### Task details
Please transcribe all of the entries exactly, leaving out any images.

Content starts

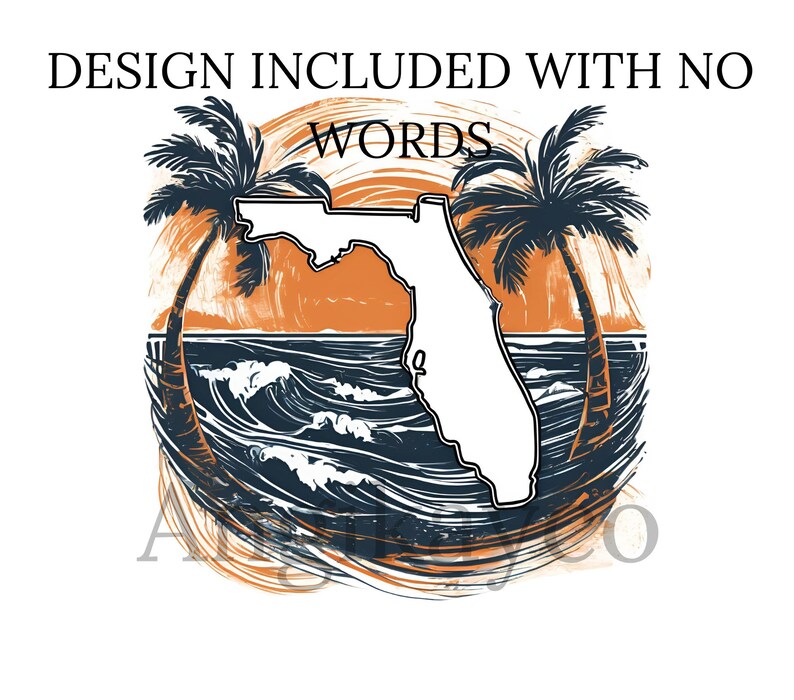 May include: A white outline of the state of Florida with palm trees and ocean waves in the background. The background is a sunset with orange and blue colors. The text "WORDS" is above the state outline.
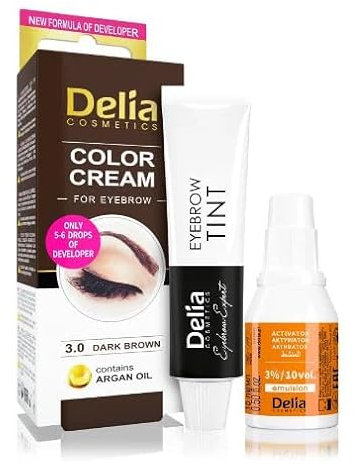 Tinta Per Sopracciglia Colore Marrone Scuro 3.0 Dark Brown 15ml (set completo di contenitore e pennellino)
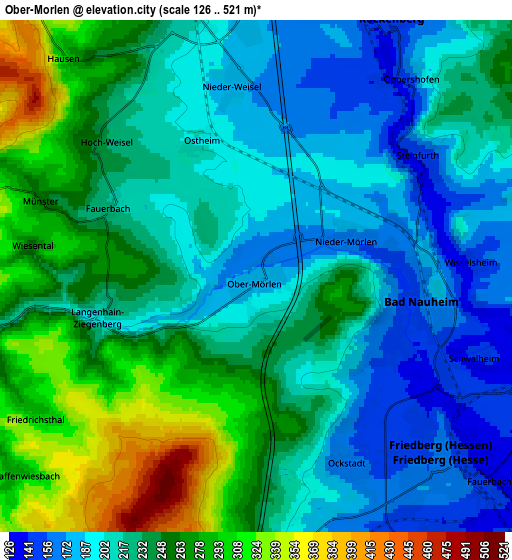 Zoom OUT 2x Ober-Mörlen, Germany elevation map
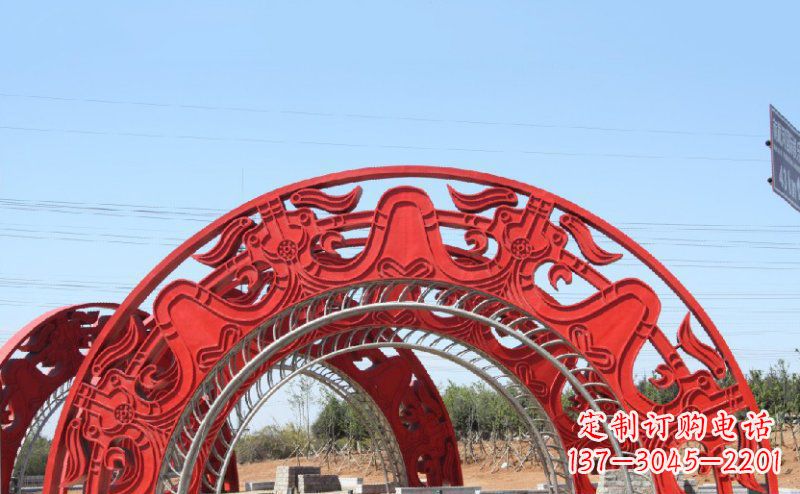 烟台不锈钢拱门雕塑美丽的艺术精品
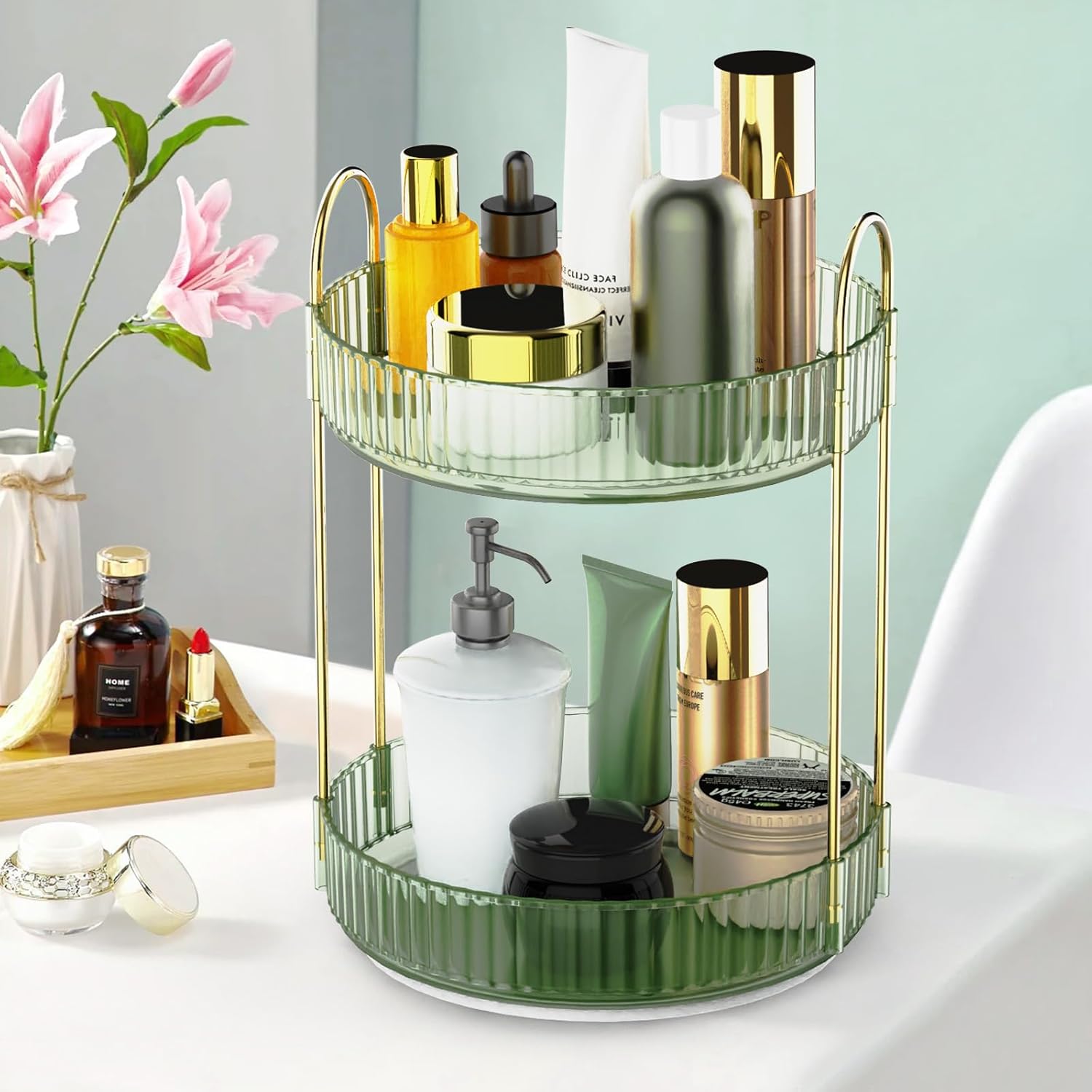 360 Rotating Makeup Organizer for Vanity - Spinning Bathroom Organizer Counterto...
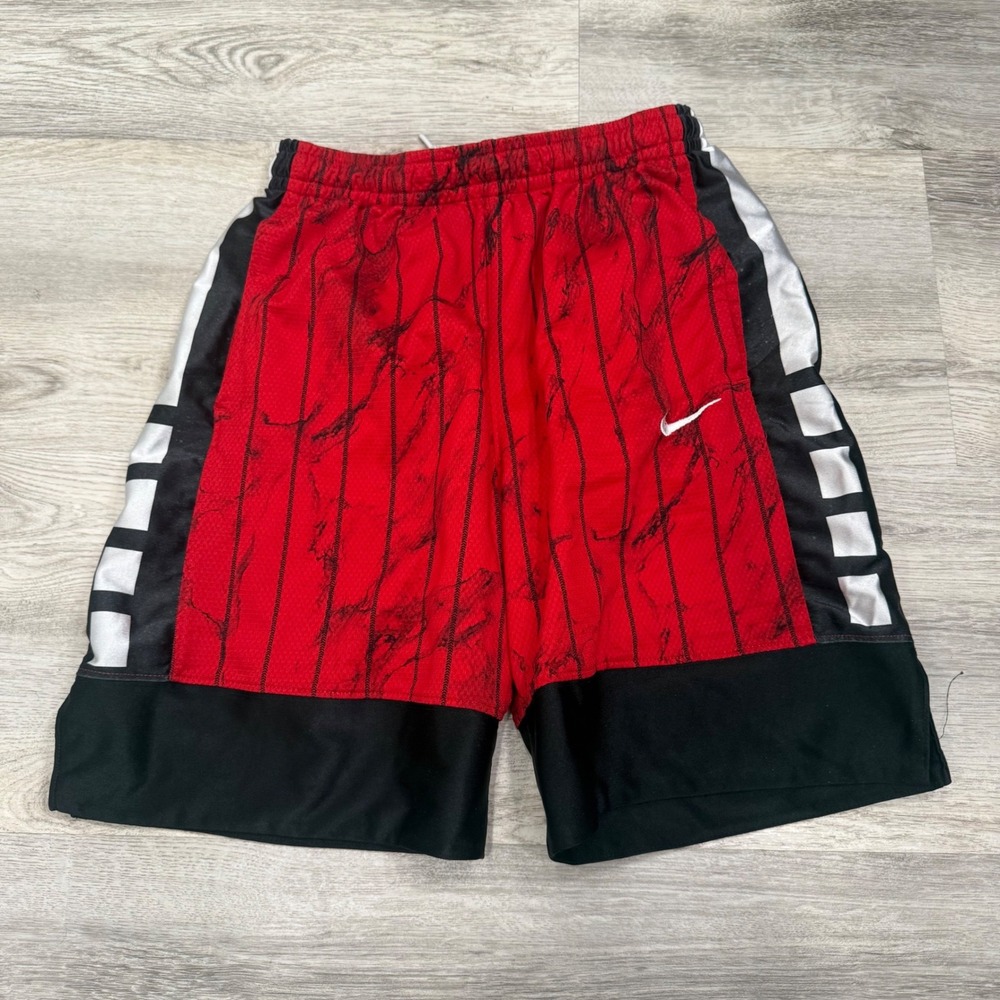 Nike Kids Dri-FIT Basketball Shorts Red Black Marble Pinstripe Size Large L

Content ends

### Response box
 May include: A white outline of the state of Florida with palm trees and ocean waves in the background. The background is a sunset with orange and blue colors. The text "WORDS" is above the state outline.
 Tinta Per Sopracciglia Colore Marrone Scuro 3.0 Dark Brown 15ml (set completo di contenitore e pennellino)
 Zoom OUT 2x Ober-Mörlen, Germany elevation map
 烟台不锈钢拱门雕塑美丽的艺术精品
 360 Rotating Makeup Organizer for Vanity - Spinning Bathroom Organizer Counterto...
 Nike Kids Dri-FIT Basketball Shorts Red Black Marble Pinstripe Size Large L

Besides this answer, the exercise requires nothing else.